-------- THE DATA --------

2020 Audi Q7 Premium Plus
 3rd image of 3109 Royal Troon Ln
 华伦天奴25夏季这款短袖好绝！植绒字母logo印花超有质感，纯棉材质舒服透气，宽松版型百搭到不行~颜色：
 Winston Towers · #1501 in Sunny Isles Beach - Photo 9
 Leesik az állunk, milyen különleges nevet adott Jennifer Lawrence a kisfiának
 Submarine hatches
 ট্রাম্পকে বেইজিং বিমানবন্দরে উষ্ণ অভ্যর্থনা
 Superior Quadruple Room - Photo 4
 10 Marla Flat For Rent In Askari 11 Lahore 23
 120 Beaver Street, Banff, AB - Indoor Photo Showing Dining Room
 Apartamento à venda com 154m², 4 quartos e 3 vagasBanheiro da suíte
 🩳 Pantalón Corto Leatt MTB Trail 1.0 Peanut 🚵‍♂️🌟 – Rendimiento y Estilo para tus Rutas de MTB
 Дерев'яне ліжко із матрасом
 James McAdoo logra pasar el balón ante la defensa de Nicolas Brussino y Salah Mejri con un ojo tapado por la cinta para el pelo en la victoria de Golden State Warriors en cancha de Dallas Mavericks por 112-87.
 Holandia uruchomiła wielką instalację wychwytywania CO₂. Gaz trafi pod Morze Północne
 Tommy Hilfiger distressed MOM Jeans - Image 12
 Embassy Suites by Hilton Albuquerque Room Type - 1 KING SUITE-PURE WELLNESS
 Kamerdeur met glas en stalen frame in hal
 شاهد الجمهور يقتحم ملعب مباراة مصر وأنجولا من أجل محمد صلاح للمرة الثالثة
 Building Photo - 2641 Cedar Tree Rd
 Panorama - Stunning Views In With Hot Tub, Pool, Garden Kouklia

--------

* WORK INSTRUCTION *
Retype, exactly and in full, the lines above from the one containing "120 Beaver Street, Banff, AB" through the one containing "James McAdoo logra".

* EXERCISE RESULT *
 120 Beaver Street, Banff, AB - Indoor Photo Showing Dining Room
 Apartamento à venda com 154m², 4 quartos e 3 vagasBanheiro da suíte
 🩳 Pantalón Corto Leatt MTB Trail 1.0 Peanut 🚵‍♂️🌟 – Rendimiento y Estilo para tus Rutas de MTB
 Дерев'яне ліжко із матрасом
 James McAdoo logra pasar el balón ante la defensa de Nicolas Brussino y Salah Mejri con un ojo tapado por la cinta para el pelo en la victoria de Golden State Warriors en cancha de Dallas Mavericks por 112-87.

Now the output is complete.